Ben Strothmann in “Coming Clean,” part of Horse Trade’s Queerly Festival (Photo credit: Steven Fontas)

“I Will Survive” sung by Gloria Gaynor was the number one song when Strothmann was born in 1979 in Wisconsin and this factoid serves as a starting point to childhood reminiscences. At the age of six he has a crush on a boy and is attracted to the cartoon character Foghorn Leghorn. The Pink Panther is also an object of desire. By his teenage years he’s sexually active with men and has a boyfriend via AOL chat rooms.

A high school choir visit to New York City proves heady and leads to several return journeys and moving there permanently at the age of 21. He’d been working as a headshot and theater photographer.  With notions of becoming a performer, he studies with a voice teacher though there is never any mention of auditioning for or appearing in any shows. After a successful turn at being a waiter falters, he becomes an escort, advertising on RentBoy.com and receives glorious reviews for his services.

We are informed numerous times of the large amounts of money he gets from his often physically unattractive clients. One is so particularly repulsive that Strothmann cries while performing oral sex on him.  There’s a sequence detailing sex with a grotesque 61-year-old man who is going to give him periodic checks of $10,000.  A relationship with a drug dealer instigates a dependence on crystal meth that’s later replaced by marijuana. A new paramour buys him a camera as a 24th birthday present. “Within a year I have become a full-fledged Broadway theatrical photographer. I am making around $40,000 a year, plus health insurance! My portrait studio is regularly booked with clients.” After getting clean, he’s able to be his own boyfriend and to love himself.

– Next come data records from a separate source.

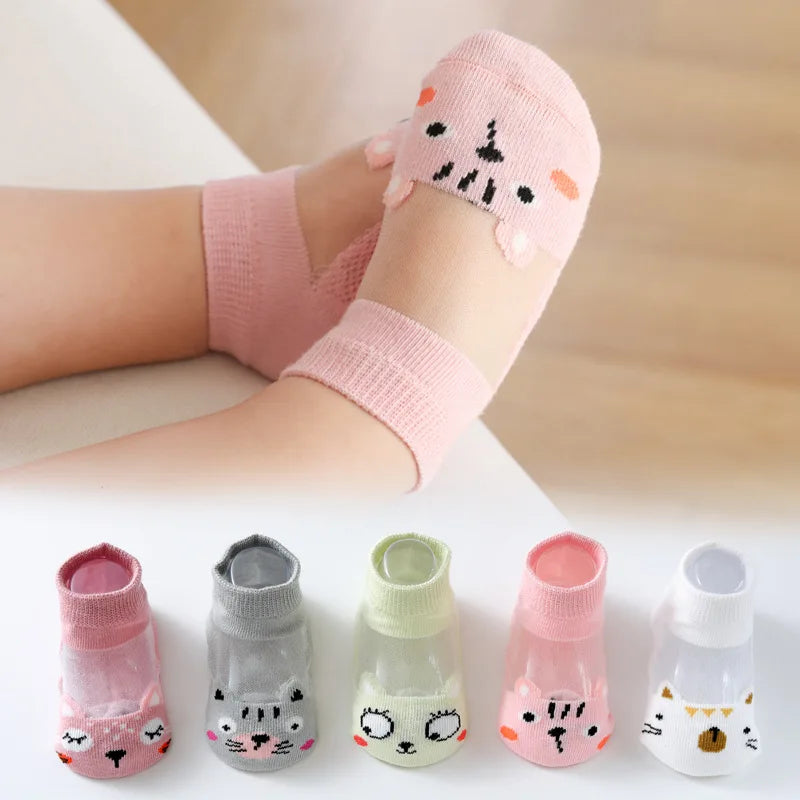 Set Children Socks Summer Fishnet Boy Socks Spring Summer Thin Mesh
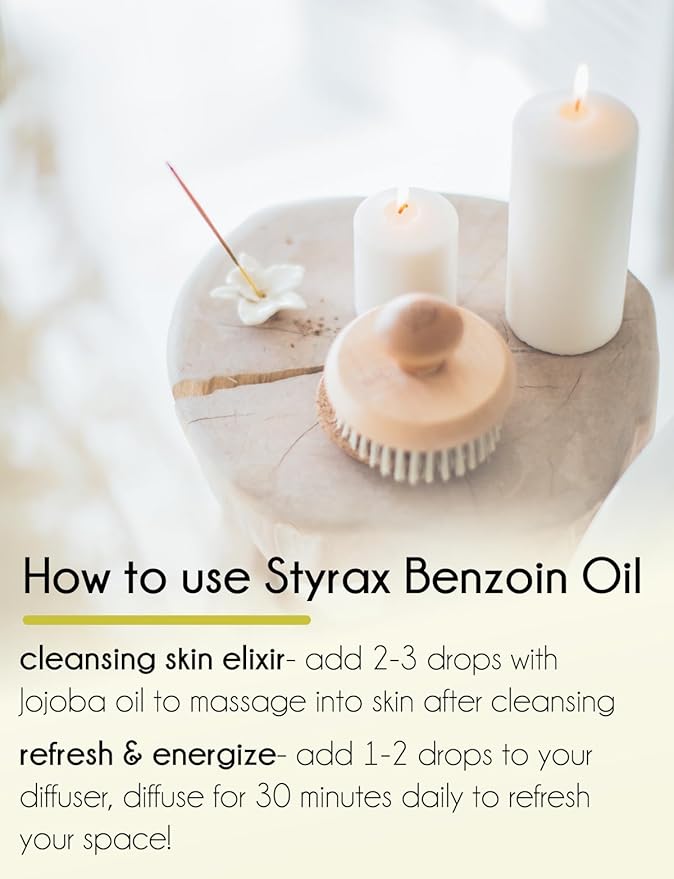 16 fl oz - Styrax Benzoin Oil (100% Pure & Uncut), Aluminum Bottle - GreenHealth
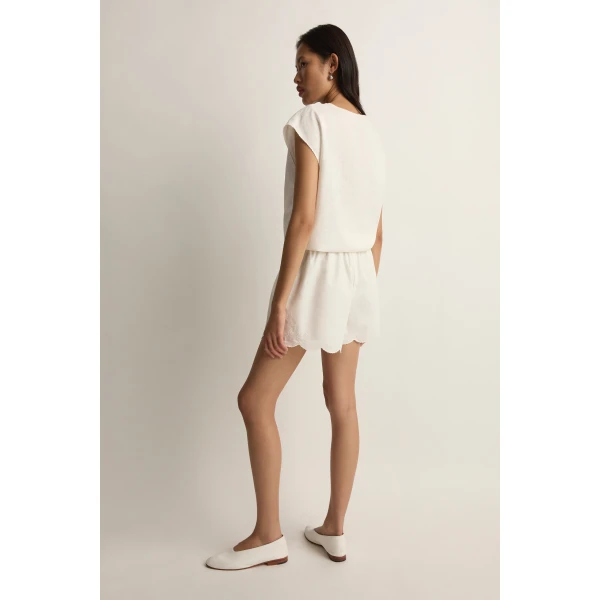 Posse Odette Top in Cream | Tops | Luxury Shoes , view 4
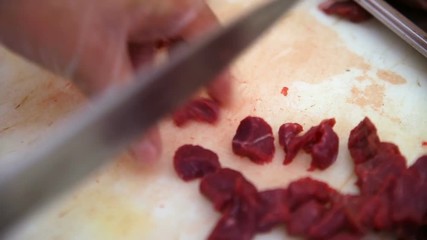 Processing of meat production.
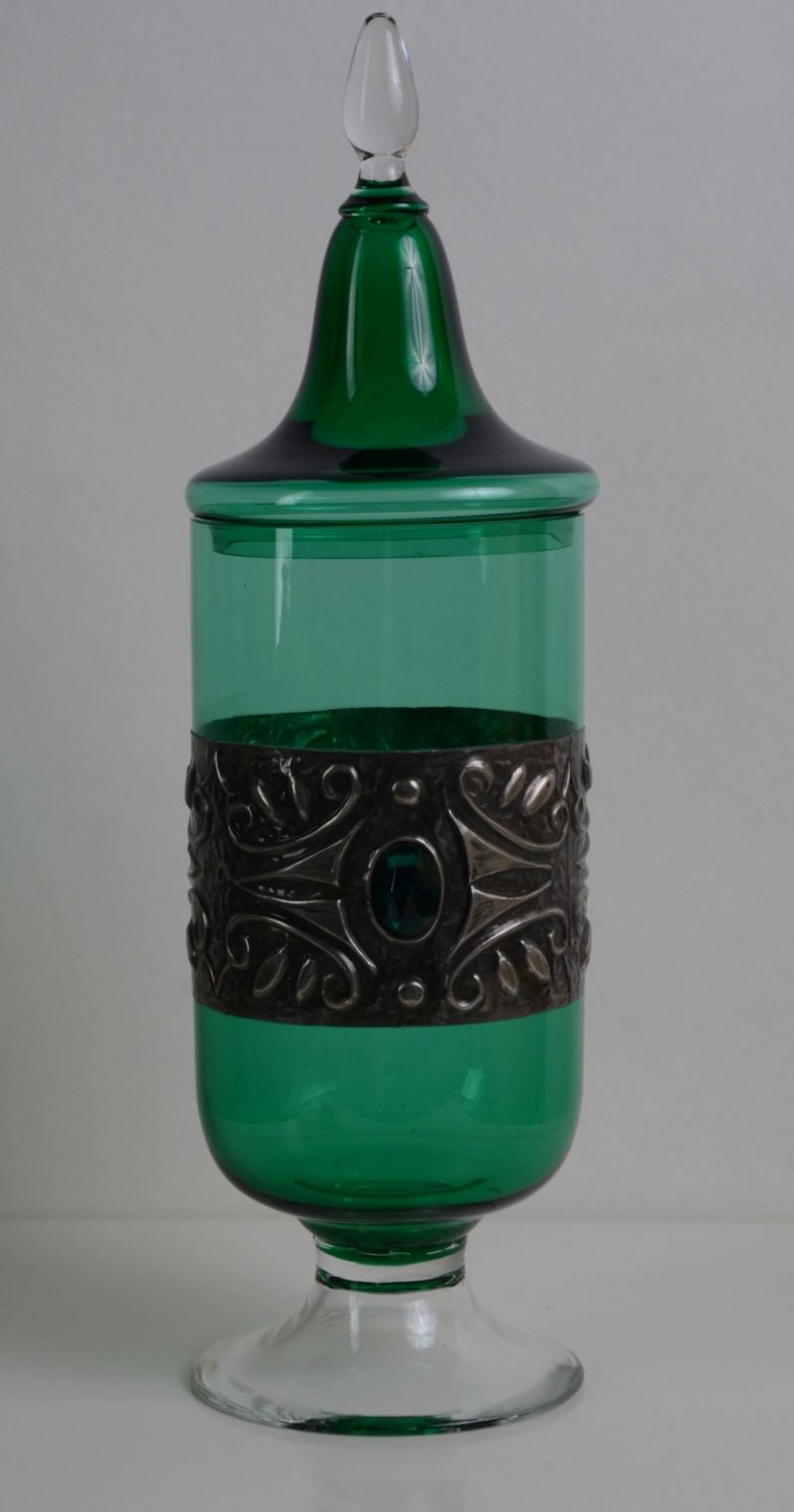 Dekoracyjna butelka z korkiem szkło Hiszp. 528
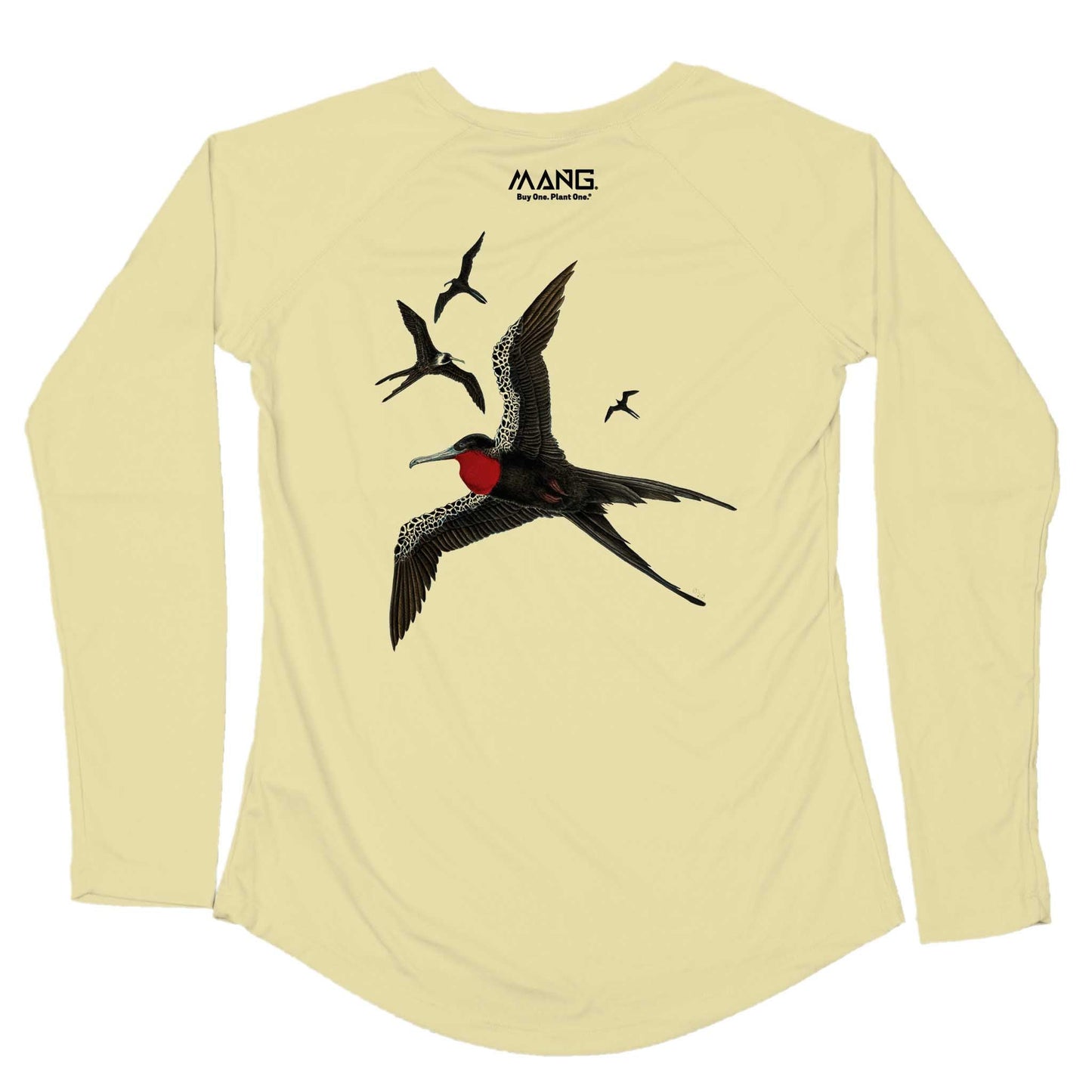MANG Frigatebirds MANG - Women's - LS - XS-Sunshine Yellow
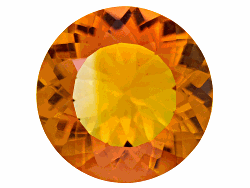 Minimum 2.50ct 10mm round Madeira citrine from Brazil.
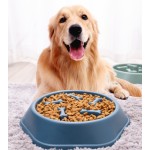 宠物缓食碗厂家-防滑PP塑料狗狗碗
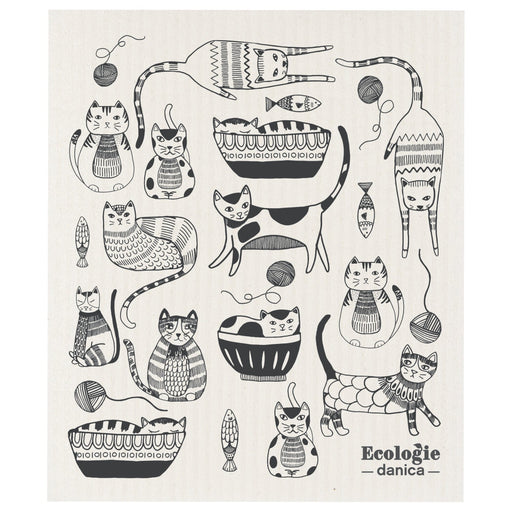 Jubilee - Swedish Dishcloth Purr Party | Beige Home & Kitchen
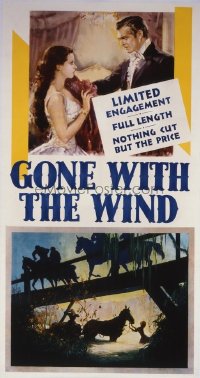 660 GONE WITH THE WIND linen 3sh
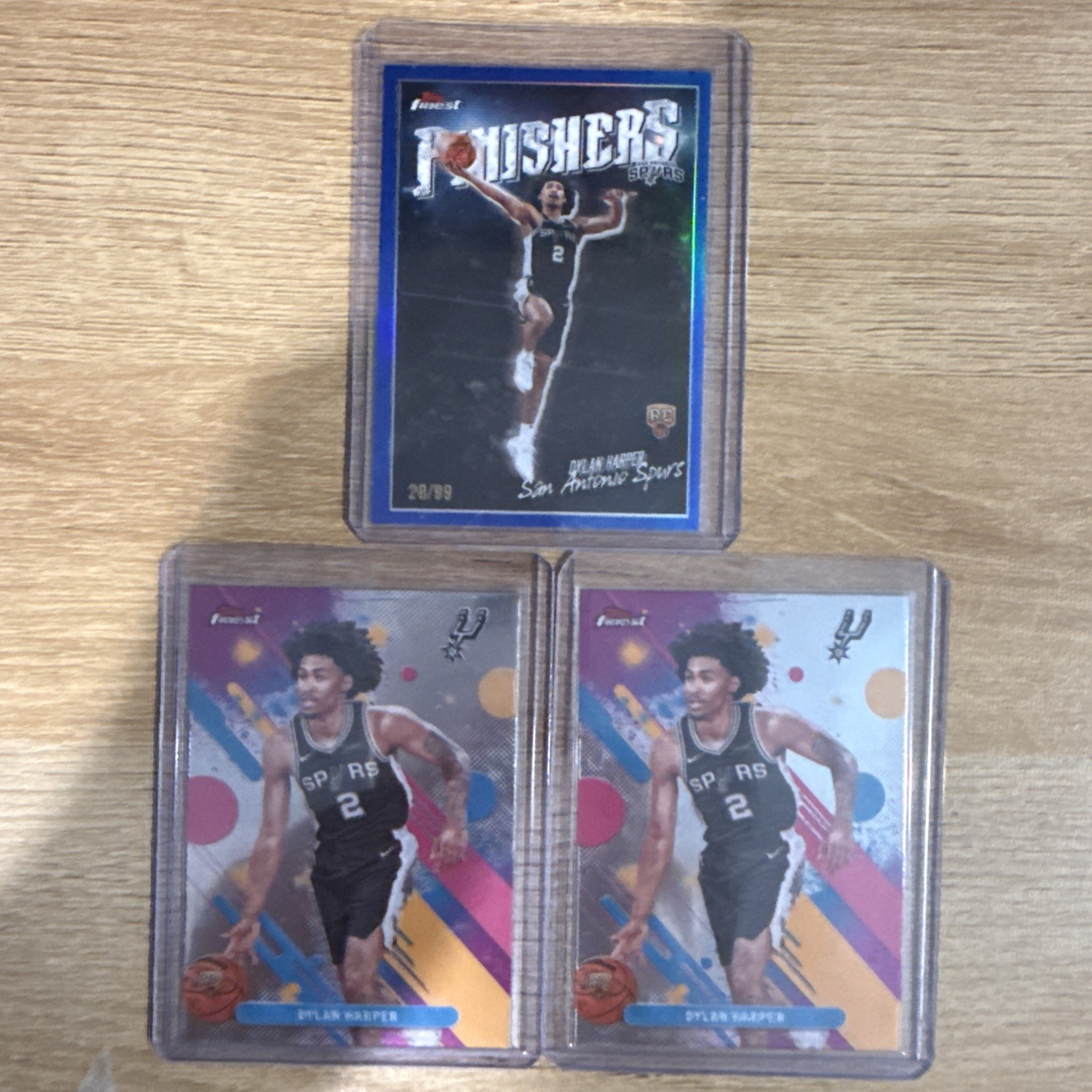 2025-26 Topps Finest - Finishers Dylan Harper #FI-9 Blue 20/99 RC Spurs See Pics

Director Mark Finley who is the artistic director of The Other Side of Silence (TOSOS), a preeminent New York City gay theater company has staged Coming Clean with focus, clarity and momentum, endowing it with theatricality. The stage is bare, except for a bench that gets a lot of mileage as Strothmann vigorously and precisely is variably positioned onstage. The proficient lighting, sound and illustrative projections on the back wall all contribute dynamism to the production.

Coming Clean is an exemplary addition to and will delight ardent devotees of the genre of autobiographical gay one-person shows.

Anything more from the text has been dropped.